The Quiet Model
nytheatre.com review by Josephine Cashman
July 23, 2006
The Quiet Model is a play very loosely based on historical events that surround John Everett Millais's painting Ophelia. Millais (Cary Hite) finds himself haunted by the ghost of the mysterious model (Marguerite French), who sat for him. She follows him while Millais coyly and furtively refuses to reveal her identity. His obsession with the painting causes a furor among London society and drives a wedge between his friend Dante and his laudanum-addicted wife, Elizabeth (Megan Ferguson), who may or may not have been the inspiration for the painting. Certainly all of London believes that she is.

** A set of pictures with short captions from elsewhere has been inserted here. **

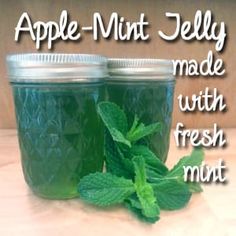 two mason jars filled with fresh minty liquid on top of a wooden table next to the words apple - mint jelly made with fresh mint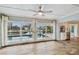 Open-concept living area with wood-look tile floors and views of the pool and water at 6109 Schooner Way, Tampa, FL 33615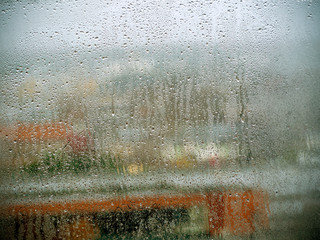 Rain drops on the glass in the spring afternoon. Close up of a window with rain drops falling down.The rain drops on household windows. Focus on rain drops. concept of sadness, frustration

With Millais on the edge of madness, and his own marriage foundering, the truth comes out between Millais and Elizabeth. Actors Hite and Ferguson do a lovely job with this sad, private, and emotionally intimate scene. Millais saw Elizabeth's sister Christine commit suicide, and did nothing to stop it. Instead, he captured the moment on canvas, and has been haunted ever since: "I found her and I never even tried." Millais defends himself to both Elizabeth and the ghost. It is unclear if Ophelia/Christine was autistic or mentally unstable. While her ghost is as vengeful as a character in Shakespeare's Hamlet, she is ultimately impotent and powerless to protect her image and her last moments of life. Michelle Brown as Beatrice and Chelsea Miller as Effie Millais also do strong, commendable work in their supporting roles.
The lighting by Ryan Metzler is soft and hints of Pre-Raphaelite and Impressionism paintings, giving both the simple set and the cast an ethereal look. Director Chelsea Miller has artfully staged the play, and at times the cast look like works of art themselves. Mike Lunapiena's musical accompaniment is simply gorgeous.

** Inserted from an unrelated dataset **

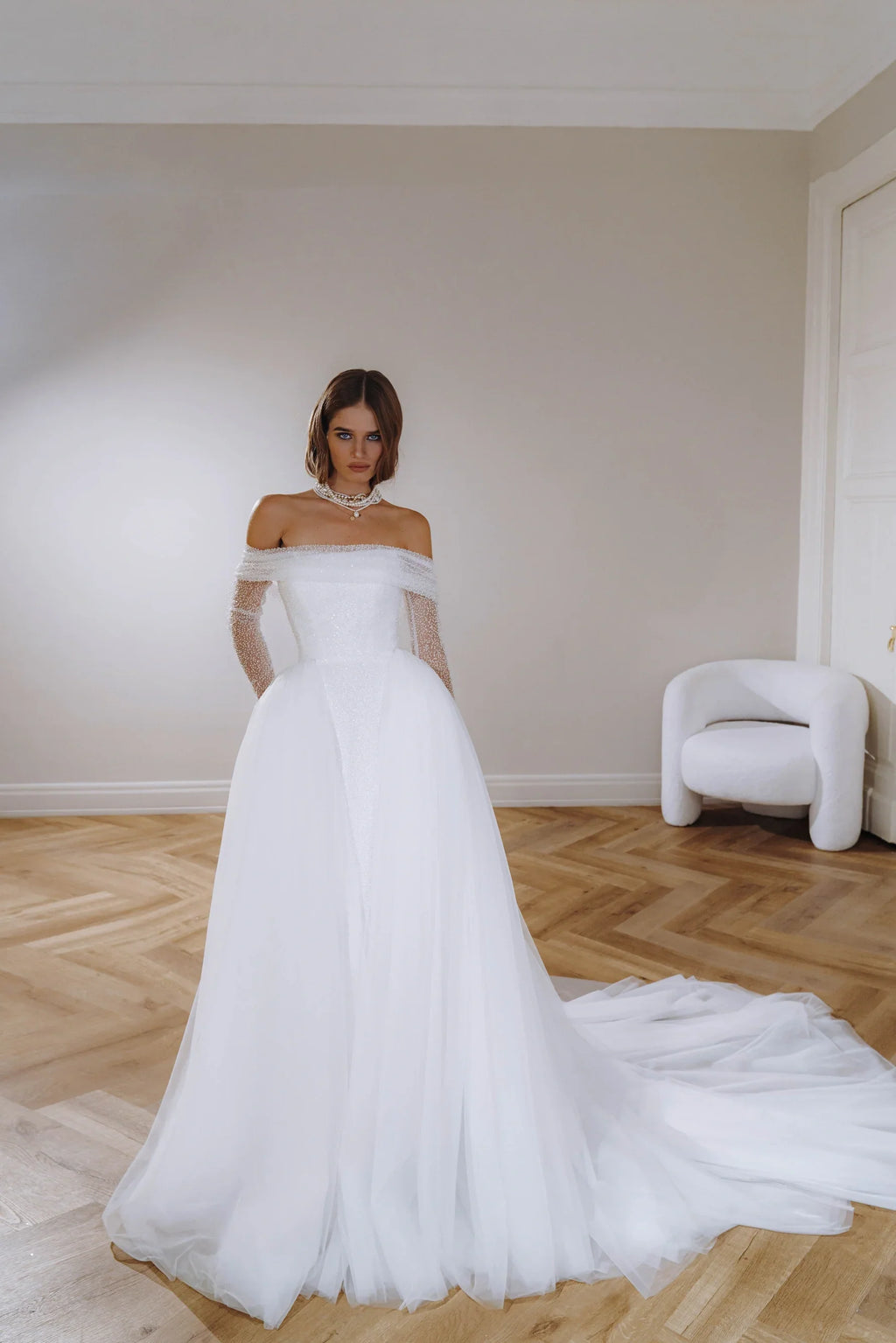 Form fitting wedding dress with long detachable sleeves, can be worn together with a full tulle skirt. Zipper back.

Playwright L.A. Mitchell creates many intriguing characters, but at just 55 minutes in length, the play never seems to flesh them out, so they feel incomplete. We're given tantalizing glimpses, but never a real sense of who they are, so the play begins to lapse into melodrama. When the Quiet Model finally speaks, we're given no more insight into who she was, and the mystery surrounding both the painting and the model seems as quietly enigmatic as when the play began.